=== What you are asked to do ===
Restate the data below word for word, leaving nothing out.

(Data items)
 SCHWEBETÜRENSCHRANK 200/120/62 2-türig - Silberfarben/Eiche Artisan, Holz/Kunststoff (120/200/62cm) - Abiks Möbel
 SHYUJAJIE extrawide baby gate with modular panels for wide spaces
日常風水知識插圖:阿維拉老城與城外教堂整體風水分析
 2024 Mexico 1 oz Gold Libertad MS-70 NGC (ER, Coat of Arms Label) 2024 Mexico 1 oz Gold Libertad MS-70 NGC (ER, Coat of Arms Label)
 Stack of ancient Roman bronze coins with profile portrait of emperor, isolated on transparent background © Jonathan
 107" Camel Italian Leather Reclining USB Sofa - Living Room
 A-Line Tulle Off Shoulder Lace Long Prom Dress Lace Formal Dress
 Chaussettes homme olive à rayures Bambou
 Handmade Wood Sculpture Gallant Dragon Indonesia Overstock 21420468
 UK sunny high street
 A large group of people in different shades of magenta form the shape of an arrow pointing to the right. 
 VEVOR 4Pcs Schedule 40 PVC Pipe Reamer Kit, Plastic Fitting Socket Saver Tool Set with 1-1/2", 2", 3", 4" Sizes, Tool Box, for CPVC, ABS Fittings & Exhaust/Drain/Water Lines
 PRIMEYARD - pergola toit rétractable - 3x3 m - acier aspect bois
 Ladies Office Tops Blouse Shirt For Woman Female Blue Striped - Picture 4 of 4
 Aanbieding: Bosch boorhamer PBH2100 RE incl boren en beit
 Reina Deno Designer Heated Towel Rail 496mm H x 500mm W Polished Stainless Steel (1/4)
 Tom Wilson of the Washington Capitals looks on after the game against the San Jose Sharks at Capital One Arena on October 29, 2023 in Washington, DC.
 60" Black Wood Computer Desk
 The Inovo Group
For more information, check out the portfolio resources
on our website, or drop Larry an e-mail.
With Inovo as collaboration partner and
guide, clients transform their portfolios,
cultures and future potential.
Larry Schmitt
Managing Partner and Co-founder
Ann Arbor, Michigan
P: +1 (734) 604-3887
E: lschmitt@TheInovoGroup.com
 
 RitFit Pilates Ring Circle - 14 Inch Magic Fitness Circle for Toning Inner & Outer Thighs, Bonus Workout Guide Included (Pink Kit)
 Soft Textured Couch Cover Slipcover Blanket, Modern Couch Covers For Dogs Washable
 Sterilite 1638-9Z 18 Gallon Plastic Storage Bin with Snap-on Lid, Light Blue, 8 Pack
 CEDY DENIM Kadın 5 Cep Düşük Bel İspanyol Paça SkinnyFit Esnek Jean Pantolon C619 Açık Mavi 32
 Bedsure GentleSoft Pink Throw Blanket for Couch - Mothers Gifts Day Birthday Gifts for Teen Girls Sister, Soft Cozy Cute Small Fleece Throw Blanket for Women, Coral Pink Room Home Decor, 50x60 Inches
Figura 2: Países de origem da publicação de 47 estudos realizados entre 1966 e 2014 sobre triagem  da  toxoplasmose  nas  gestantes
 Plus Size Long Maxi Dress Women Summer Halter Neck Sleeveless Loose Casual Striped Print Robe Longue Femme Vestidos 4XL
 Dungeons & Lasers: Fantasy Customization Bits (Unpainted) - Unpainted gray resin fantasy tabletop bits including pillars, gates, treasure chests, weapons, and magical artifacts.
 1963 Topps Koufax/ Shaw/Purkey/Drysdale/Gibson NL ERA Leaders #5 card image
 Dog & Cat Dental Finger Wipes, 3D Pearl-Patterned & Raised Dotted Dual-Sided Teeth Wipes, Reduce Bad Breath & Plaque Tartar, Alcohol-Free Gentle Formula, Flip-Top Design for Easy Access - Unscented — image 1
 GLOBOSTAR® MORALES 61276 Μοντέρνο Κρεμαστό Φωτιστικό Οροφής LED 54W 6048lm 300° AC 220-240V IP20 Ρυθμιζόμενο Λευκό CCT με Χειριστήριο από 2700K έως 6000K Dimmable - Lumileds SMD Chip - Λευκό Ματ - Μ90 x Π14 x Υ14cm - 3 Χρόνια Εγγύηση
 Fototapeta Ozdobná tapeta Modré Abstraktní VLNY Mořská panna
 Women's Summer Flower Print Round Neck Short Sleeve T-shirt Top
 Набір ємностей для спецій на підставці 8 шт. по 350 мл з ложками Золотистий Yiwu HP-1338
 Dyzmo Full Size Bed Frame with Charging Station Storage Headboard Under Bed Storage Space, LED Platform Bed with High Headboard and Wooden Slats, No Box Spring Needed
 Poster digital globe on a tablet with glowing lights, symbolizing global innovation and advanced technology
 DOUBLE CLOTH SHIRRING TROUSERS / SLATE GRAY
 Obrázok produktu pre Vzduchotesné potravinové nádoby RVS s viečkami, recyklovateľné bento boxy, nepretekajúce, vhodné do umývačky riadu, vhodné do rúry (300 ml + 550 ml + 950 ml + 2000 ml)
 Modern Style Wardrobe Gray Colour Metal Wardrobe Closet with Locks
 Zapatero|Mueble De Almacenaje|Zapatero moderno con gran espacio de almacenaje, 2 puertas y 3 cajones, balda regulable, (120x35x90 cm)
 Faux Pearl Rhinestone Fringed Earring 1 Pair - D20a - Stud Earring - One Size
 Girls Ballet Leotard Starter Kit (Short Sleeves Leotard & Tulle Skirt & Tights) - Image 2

=== Solution to the exercise ===
 SCHWEBETÜRENSCHRANK 200/120/62 2-türig - Silberfarben/Eiche Artisan, Holz/Kunststoff (120/200/62cm) - Abiks Möbel
 SHYUJAJIE extrawide baby gate with modular panels for wide spaces
日常風水知識插圖:阿維拉老城與城外教堂整體風水分析
 2024 Mexico 1 oz Gold Libertad MS-70 NGC (ER, Coat of Arms Label) 2024 Mexico 1 oz Gold Libertad MS-70 NGC (ER, Coat of Arms Label)
 Stack of ancient Roman bronze coins with profile portrait of emperor, isolated on transparent background © Jonathan
 107" Camel Italian Leather Reclining USB Sofa - Living Room
 A-Line Tulle Off Shoulder Lace Long Prom Dress Lace Formal Dress
 Chaussettes homme olive à rayures Bambou
 Handmade Wood Sculpture Gallant Dragon Indonesia Overstock 21420468
 UK sunny high street
 A large group of people in different shades of magenta form the shape of an arrow pointing to the right. 
 VEVOR 4Pcs Schedule 40 PVC Pipe Reamer Kit, Plastic Fitting Socket Saver Tool Set with 1-1/2", 2", 3", 4" Sizes, Tool Box, for CPVC, ABS Fittings & Exhaust/Drain/Water Lines
 PRIMEYARD - pergola toit rétractable - 3x3 m - acier aspect bois
 Ladies Office Tops Blouse Shirt For Woman Female Blue Striped - Picture 4 of 4
 Aanbieding: Bosch boorhamer PBH2100 RE incl boren en beit
 Reina Deno Designer Heated Towel Rail 496mm H x 500mm W Polished Stainless Steel (1/4)
 Tom Wilson of the Washington Capitals looks on after the game against the San Jose Sharks at Capital One Arena on October 29, 2023 in Washington, DC.
 60" Black Wood Computer Desk
 The Inovo Group
For more information, check out the portfolio resources
on our website, or drop Larry an e-mail.
With Inovo as collaboration partner and
guide, clients transform their portfolios,
cultures and future potential.
Larry Schmitt
Managing Partner and Co-founder
Ann Arbor, Michigan
P: +1 (734) 604-3887
E: lschmitt@TheInovoGroup.com
 
 RitFit Pilates Ring Circle - 14 Inch Magic Fitness Circle for Toning Inner & Outer Thighs, Bonus Workout Guide Included (Pink Kit)
 Soft Textured Couch Cover Slipcover Blanket, Modern Couch Covers For Dogs Washable
 Sterilite 1638-9Z 18 Gallon Plastic Storage Bin with Snap-on Lid, Light Blue, 8 Pack
 CEDY DENIM Kadın 5 Cep Düşük Bel İspanyol Paça SkinnyFit Esnek Jean Pantolon C619 Açık Mavi 32
 Bedsure GentleSoft Pink Throw Blanket for Couch - Mothers Gifts Day Birthday Gifts for Teen Girls Sister, Soft Cozy Cute Small Fleece Throw Blanket for Women, Coral Pink Room Home Decor, 50x60 Inches
Figura 2: Países de origem da publicação de 47 estudos realizados entre 1966 e 2014 sobre triagem  da  toxoplasmose  nas  gestantes
 Plus Size Long Maxi Dress Women Summer Halter Neck Sleeveless Loose Casual Striped Print Robe Longue Femme Vestidos 4XL
 Dungeons & Lasers: Fantasy Customization Bits (Unpainted) - Unpainted gray resin fantasy tabletop bits including pillars, gates, treasure chests, weapons, and magical artifacts.
 1963 Topps Koufax/ Shaw/Purkey/Drysdale/Gibson NL ERA Leaders #5 card image
 Dog & Cat Dental Finger Wipes, 3D Pearl-Patterned & Raised Dotted Dual-Sided Teeth Wipes, Reduce Bad Breath & Plaque Tartar, Alcohol-Free Gentle Formula, Flip-Top Design for Easy Access - Unscented — image 1
 GLOBOSTAR® MORALES 61276 Μοντέρνο Κρεμαστό Φωτιστικό Οροφής LED 54W 6048lm 300° AC 220-240V IP20 Ρυθμιζόμενο Λευκό CCT με Χειριστήριο από 2700K έως 6000K Dimmable - Lumileds SMD Chip - Λευκό Ματ - Μ90 x Π14 x Υ14cm - 3 Χρόνια Εγγύηση
 Fototapeta Ozdobná tapeta Modré Abstraktní VLNY Mořská panna
 Women's Summer Flower Print Round Neck Short Sleeve T-shirt Top
 Набір ємностей для спецій на підставці 8 шт. по 350 мл з ложками Золотистий Yiwu HP-1338
 Dyzmo Full Size Bed Frame with Charging Station Storage Headboard Under Bed Storage Space, LED Platform Bed with High Headboard and Wooden Slats, No Box Spring Needed
 Poster digital globe on a tablet with glowing lights, symbolizing global innovation and advanced technology
 DOUBLE CLOTH SHIRRING TROUSERS / SLATE GRAY
 Obrázok produktu pre Vzduchotesné potravinové nádoby RVS s viečkami, recyklovateľné bento boxy, nepretekajúce, vhodné do umývačky riadu, vhodné do rúry (300 ml + 550 ml + 950 ml + 2000 ml)
 Modern Style Wardrobe Gray Colour Metal Wardrobe Closet with Locks
 Zapatero|Mueble De Almacenaje|Zapatero moderno con gran espacio de almacenaje, 2 puertas y 3 cajones, balda regulable, (120x35x90 cm)
 Faux Pearl Rhinestone Fringed Earring 1 Pair - D20a - Stud Earring - One Size
 Girls Ballet Leotard Starter Kit (Short Sleeves Leotard & Tulle Skirt & Tights) - Image 2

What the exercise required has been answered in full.